Per un paio di anni i feriti a causa degli scontri tra compagni furono piu' del doppio di quelli causati da fascisti e polizia.
E molti episodi che vennero denunciati come aggressioni fasciste erano in realta' scontri tra compagni. E ci furono casi gravissimi che vennero nascosti. Ad esempio quando un dirigente trotschista si trovo' sotto casa una squadra di Katanga e reagì sparando.
Ovviamente questa lotta fratricida disgusto' molti e fu la causa principale di un allontanamento di massa dalla politica.
E fa un po’ senso che a distanza di 40 anni il Corriere della Sera pubblichi un’intervista nella quale l’ex comunista Marcucci si vanta sostanzialmente delle proprie gesta. E anzi racconta, con una punta di vanagloria, di quando fece mangiare a Gad Lerner una mozione che Gad aveva appena scritto. Martucci ricorda male, non eravamo al Berchet ma a Scienze, in aula magna, mi pare il giorno precedente alla marcia dei Katanga sulla facolta'.
E Gad non si rimangio' molto. Visto che c’eravamo anche noi a presidiare Scienze. E anzi le minacce di morte di Martucci furono tra le gocce che fecero traboccare il vaso e che portarono alla decisione di tutti i gruppi milanesi di coalizzarsi per fermare i Katanga. C’erano quelli di Architettura che avevano sbaragliato la polizia per un’intera notte, c’era Lotta Continua, che si portava dietro la Banda Bellini, duecento ragazzi delle periferie che si ritrovavano in una palestra di boxe, e c’erano Lotta Comunista e Avanguardia Operaia, piu' una decina di gruppi minori.
Io mi chiesi se sarei riuscito a picchiare un compagno.

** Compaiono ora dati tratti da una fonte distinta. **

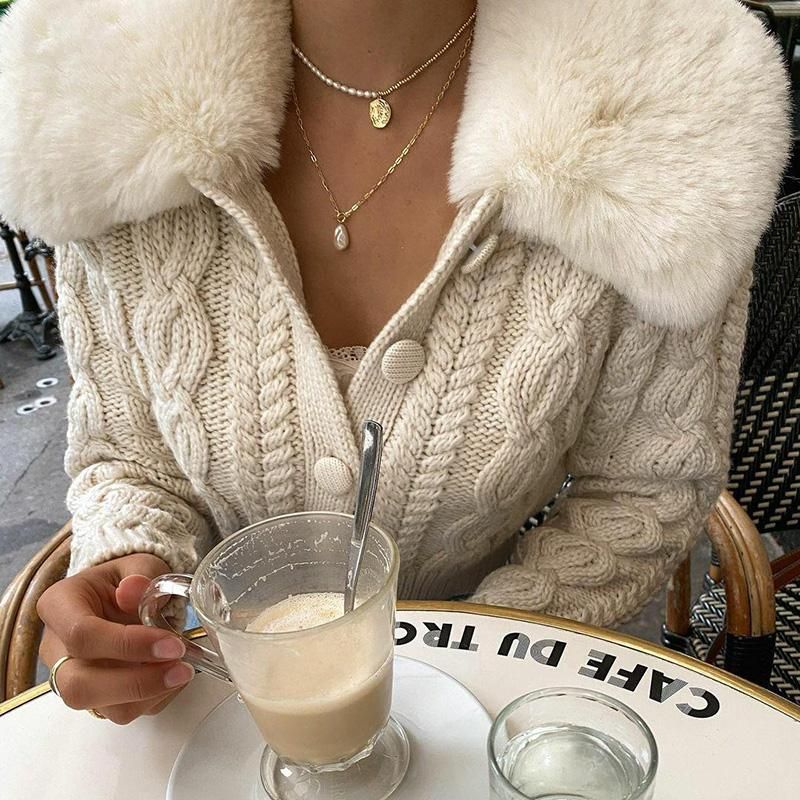 Beige Faux Fur Collar Cable Knit Button Front Cropped Cardigan
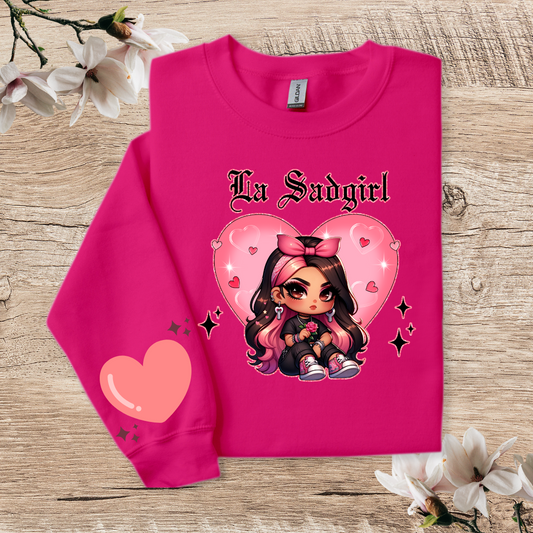 La Sadgirl Crewneck Pullover Sweatshirt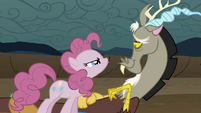 Pinkie looking at Discord S2E02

Io facevo politica per cambiare il mondo ma mi rendevo conto che stavamo facendo ben altro.
Quel giorno ebbi la sensazione che fossimo arrivati alla fine del movimento.

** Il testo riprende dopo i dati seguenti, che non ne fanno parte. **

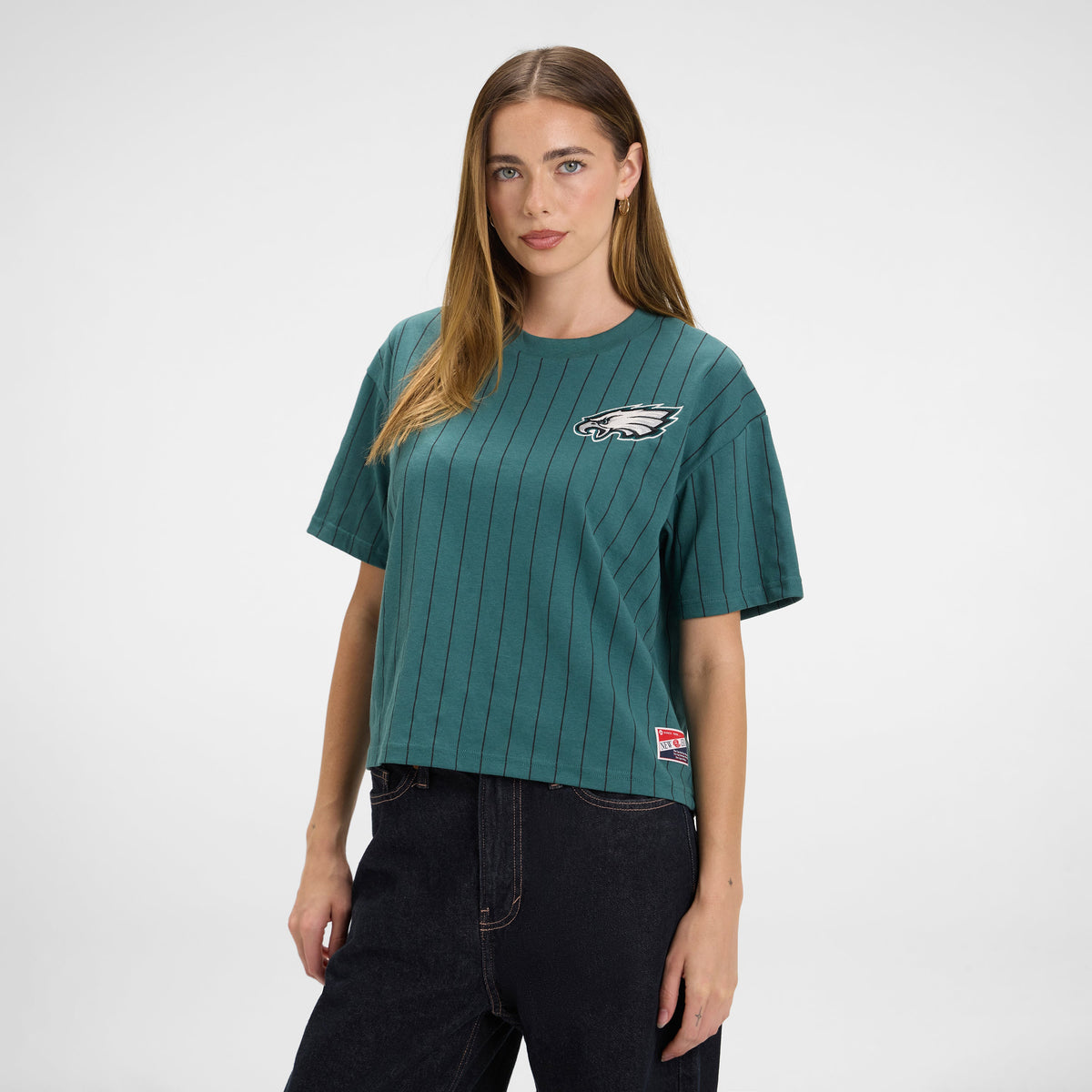 San Francisco 49ers Throwback Women's Cropped Pinstripe T-Shirt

Mi dissi che non avevo voglia di dare una sprangata a un compagno e mi ritirai nelle retrovie. Non sapevo che cosa avrei fatto se i Katanga avessero sfondato la prima linea e mi fossi trovato di fronte la carica delle falangi di Capanna.
Avevo una spranga in mano, nessuna voglia di usarla e una grande amarezza dentro. E benedissi la polizia quando arrivo' e si mise tra noi e i Katanga. E lo fece anche in modo incredibilmente pacifico. Peraltro nessuno aveva intenzione di attaccare la polizia: eravamo lì per picchiarci tra di noi.

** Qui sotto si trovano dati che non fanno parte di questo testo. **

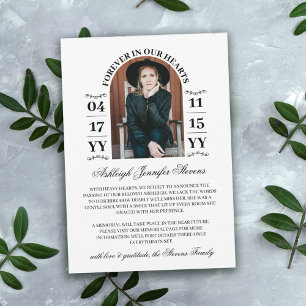 Faire-part Arche Élégante Photo À jamais dans nos cœurs Décès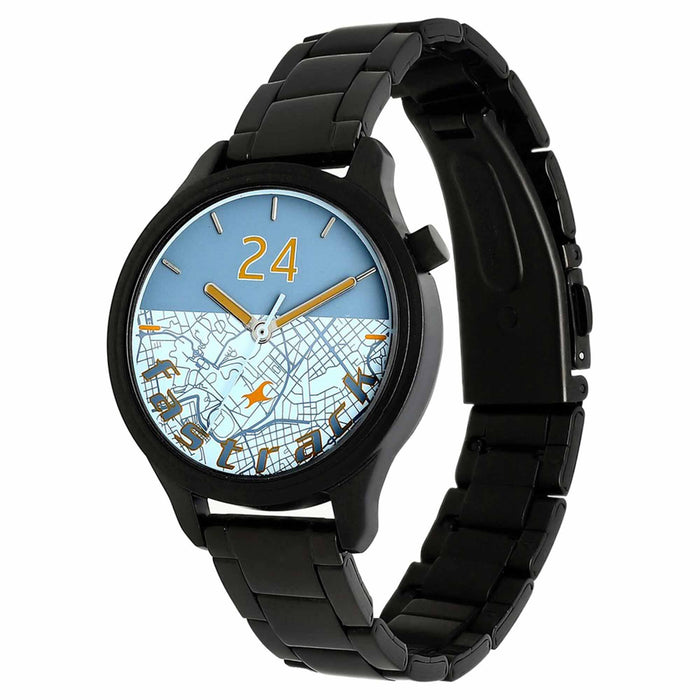 Fastrack Road Trip Blue Dial Stainless Strap Watch 6188NM01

Pochi dei giovani di allora hanno raccontato questa parte meschina della rivolta degli anni settanta. Ed e' un peccato. Se non si digerisce la propria storia si espongono i nostri figli al rischio di compiere gli stessi errori. Se i partigiani ci avessero raccontato anche la parte sporca della guerra di liberazione (ci fu anche questo) forse noi avremmo riflettuto un po’ di piu' prima di decidere che il migliore strumento a nostra disposizione per cambiare il mondo era un tondino di ferro lungo 50 centimetri.
Non dico che la rivolta studentesca fu solo una storia di servizi d’ordine. Dico che a un certo punto la logica della violenza riuscì a mettere in secondo piano, nei fatti, la nostra lotta per il cambiamento. Eravamo troppo impegnati a difenderci e contrattaccare militarmente per occuparci con energie sufficienti di costruire il nuovo.
La violenza non e' solo orribile. Possiede anche una straordinaria forza di accentrare su di se' le energie. Se inizi a praticare la violenza essa finisce per monopolizzare le tue migliori capacita'. E’ difficile combattere e pensare nello stesso momento.